The Campine (/fr/) is a breed of domestic chicken originating in the northern part of Belgium. It is named for the Campine region of north-eastern Belgium and south-eastern Netherlands. It was known there as the Kempisch Hoen (/nl/).

==History==

The Campine was originally a smaller type of the Braekel, weighing up to 1.2 kg less. It was distributed throughout the province of Antwerp and in the northern and central part of the province of Limburg. It was decided in 1884 that the two types should be separated. After a long controversy, the Campine became a separate breed with its own breed standard on 28 August 1904. After further controversy, the two breeds were reunited under a single standard in 1925 or 1926, with the name Kempisch-Braekel. In 1962 it was decided that the Campine type had entirely disappeared, and the name of the Belgian breed was changed to Brakelhoen.

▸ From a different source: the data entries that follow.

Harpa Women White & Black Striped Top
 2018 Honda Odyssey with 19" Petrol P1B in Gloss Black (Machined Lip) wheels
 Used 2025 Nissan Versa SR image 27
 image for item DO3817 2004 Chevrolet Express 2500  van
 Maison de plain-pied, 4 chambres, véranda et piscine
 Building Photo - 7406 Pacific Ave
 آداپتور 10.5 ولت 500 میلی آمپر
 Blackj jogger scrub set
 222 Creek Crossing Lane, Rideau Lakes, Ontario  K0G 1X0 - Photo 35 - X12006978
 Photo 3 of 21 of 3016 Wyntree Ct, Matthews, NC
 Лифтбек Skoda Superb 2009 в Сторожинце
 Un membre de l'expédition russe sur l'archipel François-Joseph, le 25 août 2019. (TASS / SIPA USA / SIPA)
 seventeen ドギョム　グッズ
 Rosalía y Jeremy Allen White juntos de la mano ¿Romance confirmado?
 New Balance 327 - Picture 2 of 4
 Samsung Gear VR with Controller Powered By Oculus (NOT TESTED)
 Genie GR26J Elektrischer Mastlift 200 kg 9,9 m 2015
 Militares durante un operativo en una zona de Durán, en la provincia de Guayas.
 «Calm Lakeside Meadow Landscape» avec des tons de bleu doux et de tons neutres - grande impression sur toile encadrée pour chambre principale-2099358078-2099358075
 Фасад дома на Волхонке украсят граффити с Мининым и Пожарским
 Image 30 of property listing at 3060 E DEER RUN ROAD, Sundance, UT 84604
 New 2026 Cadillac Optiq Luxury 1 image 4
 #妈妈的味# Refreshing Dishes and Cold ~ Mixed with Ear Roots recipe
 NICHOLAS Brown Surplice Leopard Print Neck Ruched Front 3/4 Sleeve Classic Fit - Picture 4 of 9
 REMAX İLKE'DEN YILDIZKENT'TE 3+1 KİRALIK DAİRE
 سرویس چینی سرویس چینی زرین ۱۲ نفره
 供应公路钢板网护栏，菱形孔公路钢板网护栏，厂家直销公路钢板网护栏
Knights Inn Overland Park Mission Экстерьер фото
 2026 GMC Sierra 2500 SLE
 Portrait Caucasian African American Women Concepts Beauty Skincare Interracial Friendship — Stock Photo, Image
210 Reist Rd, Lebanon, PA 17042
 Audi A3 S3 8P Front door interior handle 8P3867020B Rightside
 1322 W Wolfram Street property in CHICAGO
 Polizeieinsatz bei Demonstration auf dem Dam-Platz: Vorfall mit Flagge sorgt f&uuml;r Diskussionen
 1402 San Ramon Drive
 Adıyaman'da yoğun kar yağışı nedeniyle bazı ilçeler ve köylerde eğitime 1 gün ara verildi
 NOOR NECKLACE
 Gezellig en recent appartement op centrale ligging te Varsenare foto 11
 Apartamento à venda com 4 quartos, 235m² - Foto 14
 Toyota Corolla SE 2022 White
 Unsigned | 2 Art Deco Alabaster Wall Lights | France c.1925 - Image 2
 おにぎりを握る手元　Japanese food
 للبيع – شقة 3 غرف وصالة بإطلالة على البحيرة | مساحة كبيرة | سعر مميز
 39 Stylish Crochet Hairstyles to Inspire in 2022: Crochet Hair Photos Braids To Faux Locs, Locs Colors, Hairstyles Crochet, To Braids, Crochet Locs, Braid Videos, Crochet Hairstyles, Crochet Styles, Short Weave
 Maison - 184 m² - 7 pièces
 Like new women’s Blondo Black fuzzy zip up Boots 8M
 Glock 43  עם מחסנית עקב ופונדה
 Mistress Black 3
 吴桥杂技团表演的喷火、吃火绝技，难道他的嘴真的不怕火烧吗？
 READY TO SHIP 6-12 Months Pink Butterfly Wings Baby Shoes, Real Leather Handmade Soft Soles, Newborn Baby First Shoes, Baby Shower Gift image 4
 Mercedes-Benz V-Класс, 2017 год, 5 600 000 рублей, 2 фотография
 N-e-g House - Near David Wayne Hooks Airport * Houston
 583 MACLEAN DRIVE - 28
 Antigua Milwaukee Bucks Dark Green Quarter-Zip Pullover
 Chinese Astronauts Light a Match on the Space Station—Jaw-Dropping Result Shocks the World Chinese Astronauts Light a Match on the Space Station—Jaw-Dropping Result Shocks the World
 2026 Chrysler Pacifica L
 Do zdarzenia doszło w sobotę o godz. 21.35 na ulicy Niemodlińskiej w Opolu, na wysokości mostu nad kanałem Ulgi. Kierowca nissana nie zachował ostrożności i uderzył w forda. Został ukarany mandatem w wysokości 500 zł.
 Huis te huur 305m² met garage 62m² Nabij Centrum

The Campine was imported to England in about 1899, and was bred there to become a very different bird. In particular, hen feathering in cocks became standard. Hen-feathered Braekel cocks had been bred by Oscar Thomaes of Ronse, Belgium, in 1904, and a cock hatched from one of his eggs took first place at a show at the Alexandra Palace in London in that year.

Birds were exported from Britain to the United States. A Campines cock took first prizes at Madison Square Garden, New York City, and in Boston in January 1913. The Campines was added to the Standard of Perfection of the American Poultry Association in 1914.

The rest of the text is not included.